* [EXTRACTED ENTRIES]

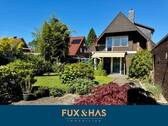 Bild 1 - Vermietetes Zweifamilienhaus! Ruhige, stadtnahe Lage, tolles Grundstück, zwei vermietete Wohnungen!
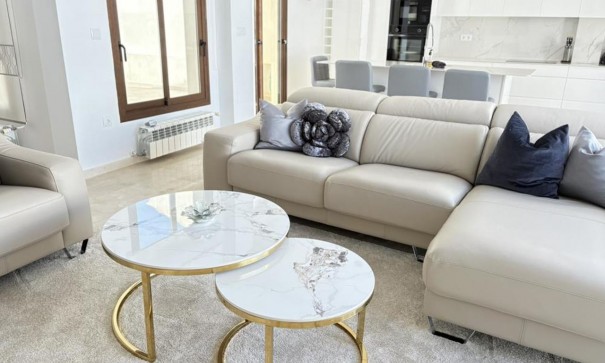 Videresalg - Fritliggende villa -
El Valle Golf Resort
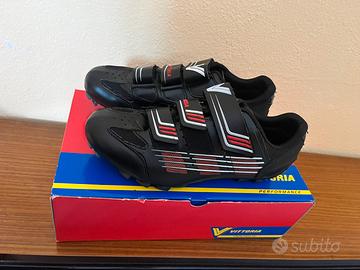 Scarpe ciclismo Vittoria nuove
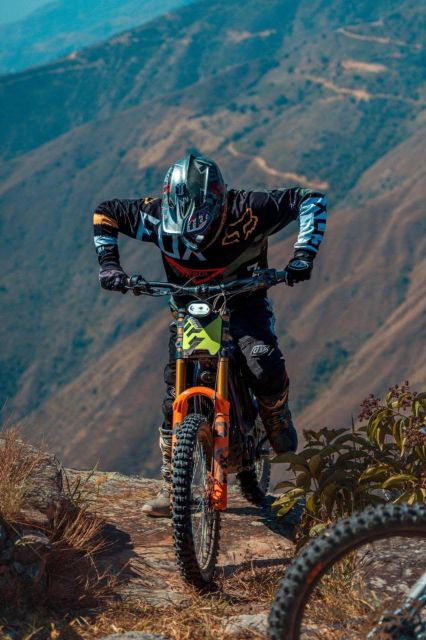 Medellin: E-Mountain Bike - ADVENTURE - Inclusions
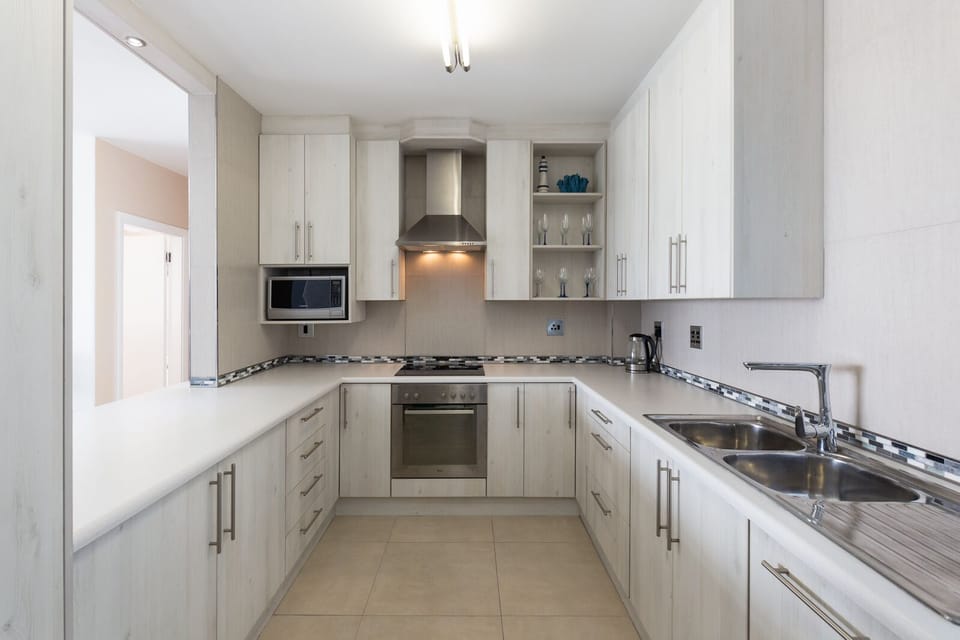 Apartment (3 Bedrooms) | Private kitchen | Full-size fridge, microwave, oven, stovetop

* [WORK REQUEST] Leave the pictures out. Transcribe exactly the lines from the one with "Medellin: E-Mountain Bike" through the end of the records.

* [RESULT FOR THIS EXERCISE]
 Medellin: E-Mountain Bike - ADVENTURE - Inclusions
 Apartment (3 Bedrooms) | Private kitchen | Full-size fridge, microwave, oven, stovetop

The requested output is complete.